AI Summary • Published on Dec 29, 2025
Rare gastrointestinal lesions pose significant challenges in endoscopic practice due to extreme data scarcity. This limits both the development of robust artificial intelligence (AI) diagnostic models and the effective training of novice clinicians. Traditional data augmentation methods often fail to capture the necessary clinical diversity, while existing generative models typically require substantial data or exhibit limitations such as overfitting or lack of diversity when applied to extremely low-data settings, making them unsuitable for rare disease synthesis from a single example.
The researchers propose EndoRare, a retraining-free, one-shot generative framework designed for synthesizing rare endoscopic lesions. EndoRare employs a three-stage pipeline: first, a medical-domain diffusion model is pretrained on common image-text pairs, leveraging language models to extract and structure key attributes like morphology, color, pathology, and location from endoscopy reports. Second, a cross-modal lesion-feature disentanglement module aligns visual factors with their textual counterparts. Finally, during personalization, the framework freezes the diffusion backbone and learns a compact Prototype-Specific Embedding (PSE) from a single rare lesion exemplar, which is then fused with attribute-aligned Tailored Lesion Embeddings (TLE) derived from language-aligned visual concepts. This approach guides the denoising trajectory to produce diverse and clinically credible synthetic images without further fine-tuning.
EndoRare demonstrated superior performance across various metrics and evaluations. Quantitatively, it achieved a favorable balance between image fidelity (FID: 280.26±11.64) and diversity (LPIPS: 0.489±0.021), outperforming baselines that often sacrificed one for the other. Expert gastroenterologists, in blinded assessments, rated EndoRare-generated images highest for overall realism and class faithfulness (average rating 2.32), confirming their clinical plausibility. When used for data augmentation, EndoRare significantly improved the performance of downstream AI classifiers, raising the macro-average PR-AUC to 0.708 and ROC-AUC to 0.978, with notable gains in sensitivity at low false-positive rates.
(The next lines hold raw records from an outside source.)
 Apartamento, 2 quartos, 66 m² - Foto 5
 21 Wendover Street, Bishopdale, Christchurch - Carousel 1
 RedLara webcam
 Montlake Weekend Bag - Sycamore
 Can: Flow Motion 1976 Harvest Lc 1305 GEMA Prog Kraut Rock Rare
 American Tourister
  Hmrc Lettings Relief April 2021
Crucially, a blinded reader study showed that novice endoscopists exposed to EndoRare-generated cases achieved a 0.400 increase in recall and a 0.267 increase in precision, particularly for morphologically ambiguous lesions like JPS and CFT, without compromising performance on distinctive categories.
EndoRare provides a practical and data-efficient solution to bridge the rare-disease gap in medical imaging, impacting both computer-aided diagnostics and clinical education. By generating diverse and high-fidelity synthetic images from a single example, it enhances AI model robustness and significantly accelerates the learning curve for novice clinicians in recognizing rare and challenging gastrointestinal lesions. The framework's design, which avoids gradient updates on patient pixels and enforces language-informed factorization, also helps mitigate privacy risks associated with instance memorization compared to heavy fine-tuning methods. The study highlights the importance of complementing generic image similarity metrics with expert clinical judgment and task-level utility for evaluating generative models in medical contexts, paving the way for improved diagnostic accuracy and training in low-prevalence settings.